Records contained in a dataset
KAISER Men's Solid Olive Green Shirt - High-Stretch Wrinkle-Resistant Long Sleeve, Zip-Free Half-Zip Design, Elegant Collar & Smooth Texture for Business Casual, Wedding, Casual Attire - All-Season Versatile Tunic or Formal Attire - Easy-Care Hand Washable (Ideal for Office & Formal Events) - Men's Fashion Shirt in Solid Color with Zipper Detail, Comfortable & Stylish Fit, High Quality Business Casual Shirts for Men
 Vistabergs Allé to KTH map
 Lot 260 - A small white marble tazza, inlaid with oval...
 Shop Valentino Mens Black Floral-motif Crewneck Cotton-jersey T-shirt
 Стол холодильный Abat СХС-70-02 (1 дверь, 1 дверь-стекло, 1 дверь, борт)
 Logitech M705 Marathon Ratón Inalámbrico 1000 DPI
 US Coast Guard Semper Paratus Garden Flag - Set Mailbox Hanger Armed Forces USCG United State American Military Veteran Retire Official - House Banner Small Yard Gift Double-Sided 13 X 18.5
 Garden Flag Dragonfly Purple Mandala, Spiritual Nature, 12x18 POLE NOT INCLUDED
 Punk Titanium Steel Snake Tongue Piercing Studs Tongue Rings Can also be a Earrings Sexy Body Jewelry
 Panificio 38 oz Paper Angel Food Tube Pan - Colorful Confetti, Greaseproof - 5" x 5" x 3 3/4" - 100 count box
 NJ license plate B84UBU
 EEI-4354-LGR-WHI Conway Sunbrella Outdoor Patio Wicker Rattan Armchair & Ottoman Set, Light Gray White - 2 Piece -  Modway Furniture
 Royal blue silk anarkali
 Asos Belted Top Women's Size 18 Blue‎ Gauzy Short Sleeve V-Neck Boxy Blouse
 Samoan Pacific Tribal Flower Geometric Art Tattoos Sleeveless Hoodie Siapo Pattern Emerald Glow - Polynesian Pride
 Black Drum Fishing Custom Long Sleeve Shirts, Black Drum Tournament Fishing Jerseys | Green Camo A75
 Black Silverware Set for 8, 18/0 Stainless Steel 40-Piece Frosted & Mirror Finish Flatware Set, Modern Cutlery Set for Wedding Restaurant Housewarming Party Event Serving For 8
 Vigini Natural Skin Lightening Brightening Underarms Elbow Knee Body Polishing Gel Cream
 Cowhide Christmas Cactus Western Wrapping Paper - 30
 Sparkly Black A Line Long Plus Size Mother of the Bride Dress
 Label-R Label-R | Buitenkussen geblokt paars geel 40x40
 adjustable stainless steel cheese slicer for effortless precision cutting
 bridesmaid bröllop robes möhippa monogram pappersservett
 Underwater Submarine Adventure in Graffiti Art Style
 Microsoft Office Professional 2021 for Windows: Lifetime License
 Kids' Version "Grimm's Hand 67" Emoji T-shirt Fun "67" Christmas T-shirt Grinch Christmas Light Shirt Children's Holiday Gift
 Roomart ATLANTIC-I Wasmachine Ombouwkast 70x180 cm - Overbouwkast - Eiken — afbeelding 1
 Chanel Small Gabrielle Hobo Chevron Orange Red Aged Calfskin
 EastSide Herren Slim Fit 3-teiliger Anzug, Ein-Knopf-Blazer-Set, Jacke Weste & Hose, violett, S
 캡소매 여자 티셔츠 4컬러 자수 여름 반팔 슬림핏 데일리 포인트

*What the exercise asks*.
All of the data above should be reproduced verbatim.

*Reply to the task*.
KAISER Men's Solid Olive Green Shirt - High-Stretch Wrinkle-Resistant Long Sleeve, Zip-Free Half-Zip Design, Elegant Collar & Smooth Texture for Business Casual, Wedding, Casual Attire - All-Season Versatile Tunic or Formal Attire - Easy-Care Hand Washable (Ideal for Office & Formal Events) - Men's Fashion Shirt in Solid Color with Zipper Detail, Comfortable & Stylish Fit, High Quality Business Casual Shirts for Men
 Vistabergs Allé to KTH map
 Lot 260 - A small white marble tazza, inlaid with oval...
 Shop Valentino Mens Black Floral-motif Crewneck Cotton-jersey T-shirt
 Стол холодильный Abat СХС-70-02 (1 дверь, 1 дверь-стекло, 1 дверь, борт)
 Logitech M705 Marathon Ratón Inalámbrico 1000 DPI
 US Coast Guard Semper Paratus Garden Flag - Set Mailbox Hanger Armed Forces USCG United State American Military Veteran Retire Official - House Banner Small Yard Gift Double-Sided 13 X 18.5
 Garden Flag Dragonfly Purple Mandala, Spiritual Nature, 12x18 POLE NOT INCLUDED
 Punk Titanium Steel Snake Tongue Piercing Studs Tongue Rings Can also be a Earrings Sexy Body Jewelry
 Panificio 38 oz Paper Angel Food Tube Pan - Colorful Confetti, Greaseproof - 5" x 5" x 3 3/4" - 100 count box
 NJ license plate B84UBU
 EEI-4354-LGR-WHI Conway Sunbrella Outdoor Patio Wicker Rattan Armchair & Ottoman Set, Light Gray White - 2 Piece -  Modway Furniture
 Royal blue silk anarkali
 Asos Belted Top Women's Size 18 Blue‎ Gauzy Short Sleeve V-Neck Boxy Blouse
 Samoan Pacific Tribal Flower Geometric Art Tattoos Sleeveless Hoodie Siapo Pattern Emerald Glow - Polynesian Pride
 Black Drum Fishing Custom Long Sleeve Shirts, Black Drum Tournament Fishing Jerseys | Green Camo A75
 Black Silverware Set for 8, 18/0 Stainless Steel 40-Piece Frosted & Mirror Finish Flatware Set, Modern Cutlery Set for Wedding Restaurant Housewarming Party Event Serving For 8
 Vigini Natural Skin Lightening Brightening Underarms Elbow Knee Body Polishing Gel Cream
 Cowhide Christmas Cactus Western Wrapping Paper - 30
 Sparkly Black A Line Long Plus Size Mother of the Bride Dress
 Label-R Label-R | Buitenkussen geblokt paars geel 40x40
 adjustable stainless steel cheese slicer for effortless precision cutting
 bridesmaid bröllop robes möhippa monogram pappersservett
 Underwater Submarine Adventure in Graffiti Art Style
 Microsoft Office Professional 2021 for Windows: Lifetime License
 Kids' Version "Grimm's Hand 67" Emoji T-shirt Fun "67" Christmas T-shirt Grinch Christmas Light Shirt Children's Holiday Gift
 Roomart ATLANTIC-I Wasmachine Ombouwkast 70x180 cm - Overbouwkast - Eiken — afbeelding 1
 Chanel Small Gabrielle Hobo Chevron Orange Red Aged Calfskin
 EastSide Herren Slim Fit 3-teiliger Anzug, Ein-Knopf-Blazer-Set, Jacke Weste & Hose, violett, S
 캡소매 여자 티셔츠 4컬러 자수 여름 반팔 슬림핏 데일리 포인트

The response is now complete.